On 7/2/15 4:30 AM, Alan Lawrence wrote:
Hi, pleased to meet you :)
Likewise. :-)
[Abe wrote:]
* Always safe for stores, sometimes a little risky for loads:
speculative loads might cause multithreaded programs with
insufficient locking to fail due to writes by another thread
being "lost"/"missed", even though the same program works OK
"by luck" when compiled without if-conversion of loads.
This risk comes mainly/only from what the relevant literature
calls a "half hammock": an "if" with a "then" section but no
"else" section [or effectively vice-versa, e.g. an empty "then"
and a non-empty "else"]. In this case, e.g. "if (c) X[x] = Y[y];"
with no attached "else" section is risky to fully if-convert
in the event of the code being compiled running multithreaded
and not having been written with all the locking it really needs.
Respectively, e.g. "if (c) ; /* empty ''then'' */ else X[x] = Y[y];".
[Alan wrote:]
For the unenlightened, can you outline the problem with this code sequence?
(i.e. the expected transformation that makes it unsafe!?)
I would hope your scratchpad patch would turn this into something like
a1 = c ? &Y[y] : &scratch;
temp = *a1;
a2 = c ? &X[x] : &scratch;
*a2 = temp;
which seems OK to me
Yes, you are right. The problem I was thinking about is not present in the
above:
in the "'c' is false" case, the vectorized code for the above just wastes some
effort
by reading garbage from the scratchpad and writing it back to the scratchpad.

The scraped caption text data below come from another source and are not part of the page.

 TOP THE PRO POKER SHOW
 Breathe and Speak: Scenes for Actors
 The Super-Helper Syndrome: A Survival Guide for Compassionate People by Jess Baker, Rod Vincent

so is the scratchpad approach going away?
Not at all. :-)
My example[s] was/were not written well with regard to expressing what I had in
mind.
The problem I was thinking about is shown with a scalar destination, e.g.:
if (c) foo = X[x];
... which is if-converted into the equivalent of:
foo = c ? X[x] : foo;
The [perceived/potential] problem with the preceding is that the part that is equivalent
to "foo = foo;"
in the above can _not_ be optimized out, as it normally would for a non-"volatile"
"foo",
because it is part of a larger vectorized operation and this small part cannot
be broken out of the whole
without breaking vectorization. Therefore, the value of "foo" might be read
and then written back
a few {micro|nano|pico|whatever}-seconds later, which may cause an update to
the same location to be overwritten.
That`s why the pathological program-under-compilation is a badly-written
multithreaded program without enough locking:
without the "if something, then overwrite" being replaced by "read, then if
something then write the new value,
and if not that same something then rewrite the old value", the badly-written
multithreaded program might work correctly
through "good luck", but with the replacement [i.e. the if conversion] the
chances of success
[where "success" here basically means not "missing" a write by another thread]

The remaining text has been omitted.